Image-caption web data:
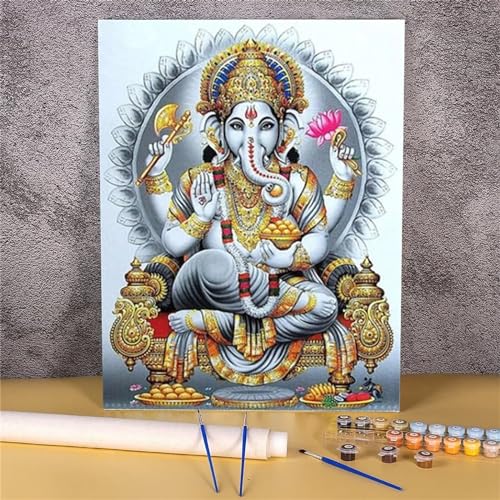 Indien Ganesha Malen nach Zahlen Erwachsene ohne Rahmen Malen Nach Zahlen Kits DIY Ölgemälde Leinwand Gemälde Set mit Pinsels und Farbe Acryl Malerei für Erwachsene Geschenk für Home Deko,60x75cm von Yeecer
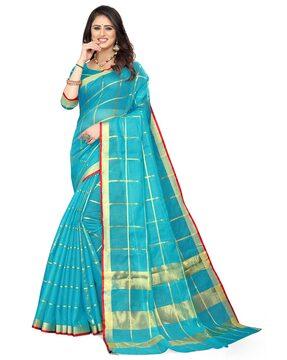 checked cotton saree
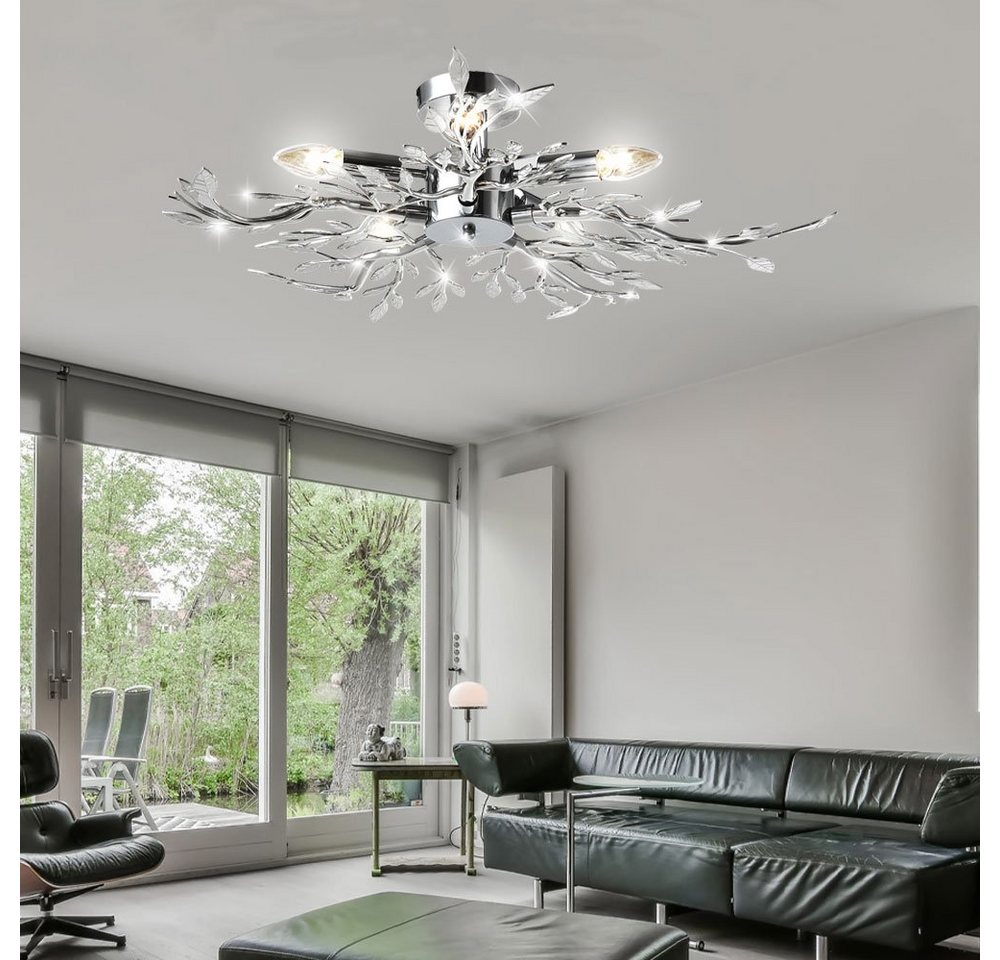 GLOBO LIGHTING Deckenleuchte, Leuchtmittel nicht inklusive, Deckenlampe Blätterlampe Deckenleuchte rund Wohnzimmer chrom Bild 2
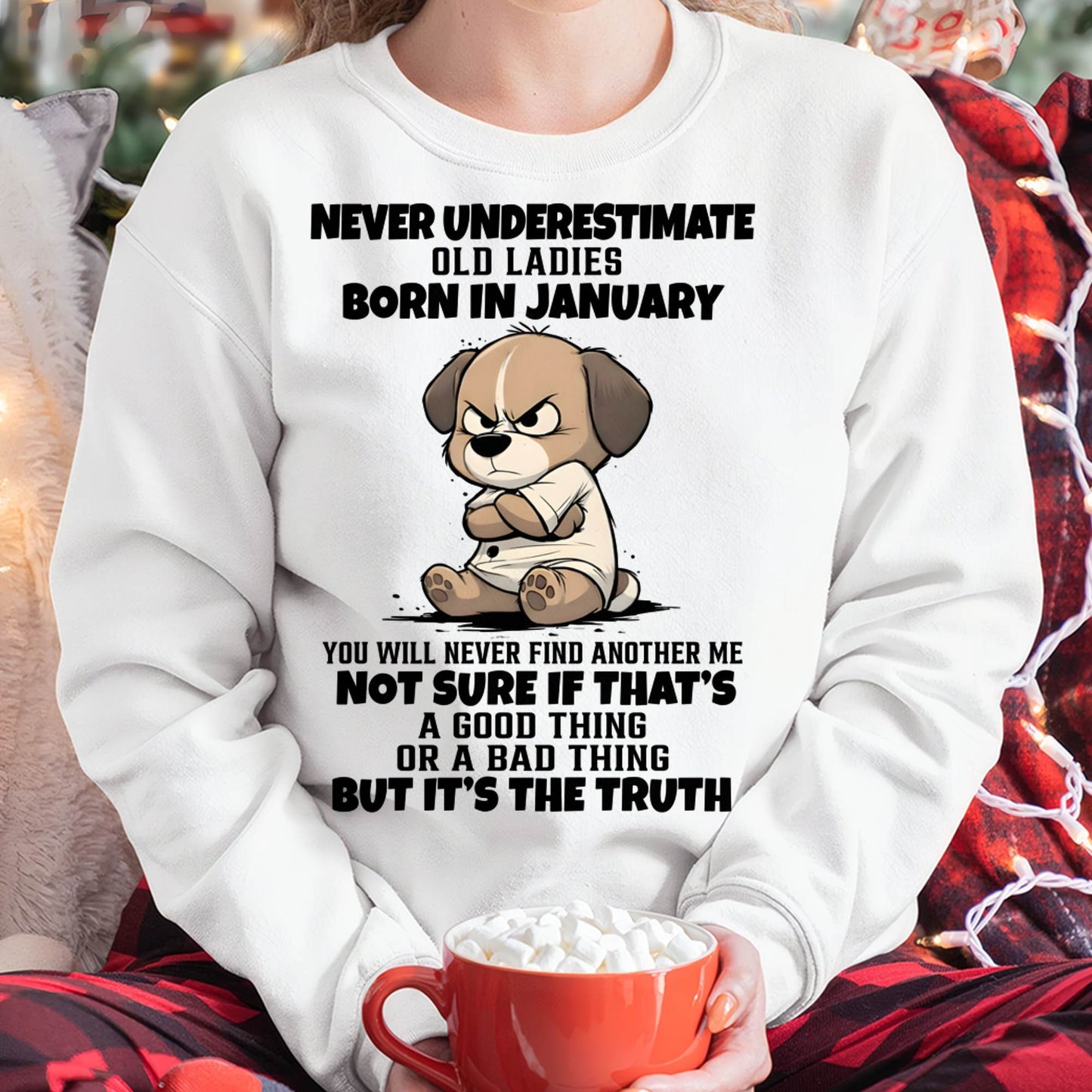 JANUARY SHIRT, NEVER UNDERESTIMATE OLD LADIES - SNOW01 (SKU2603-205-01)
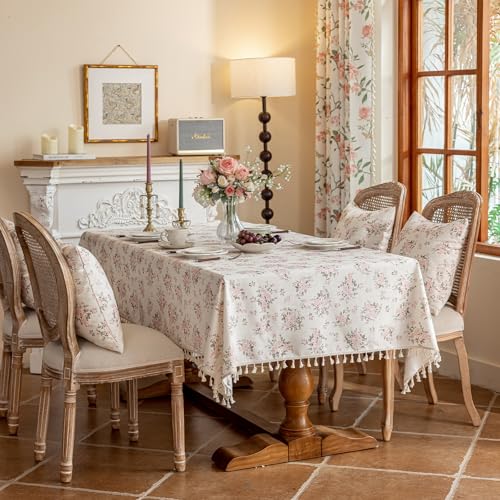 VClife Shabby Chic Pink White Floral Tablecloth for 6-8 Seaters (60"x102") Washable Cotton Linen Table Cloth with Tassel for Christmas Thanksgiving Dinning Party Kitchen Home - color: Pink Flowers, size: 102" x 60" (Rectangular)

■ **Exercise details**: Each record should appear again exactly as it stands, with no picture included.

■ **Answer space**:
 Indien Ganesha Malen nach Zahlen Erwachsene ohne Rahmen Malen Nach Zahlen Kits DIY Ölgemälde Leinwand Gemälde Set mit Pinsels und Farbe Acryl Malerei für Erwachsene Geschenk für Home Deko,60x75cm von Yeecer
 checked cotton saree
 GLOBO LIGHTING Deckenleuchte, Leuchtmittel nicht inklusive, Deckenlampe Blätterlampe Deckenleuchte rund Wohnzimmer chrom Bild 2
 JANUARY SHIRT, NEVER UNDERESTIMATE OLD LADIES - SNOW01 (SKU2603-205-01)
 VClife Shabby Chic Pink White Floral Tablecloth for 6-8 Seaters (60"x102") Washable Cotton Linen Table Cloth with Tassel for Christmas Thanksgiving Dinning Party Kitchen Home - color: Pink Flowers, size: 102" x 60" (Rectangular)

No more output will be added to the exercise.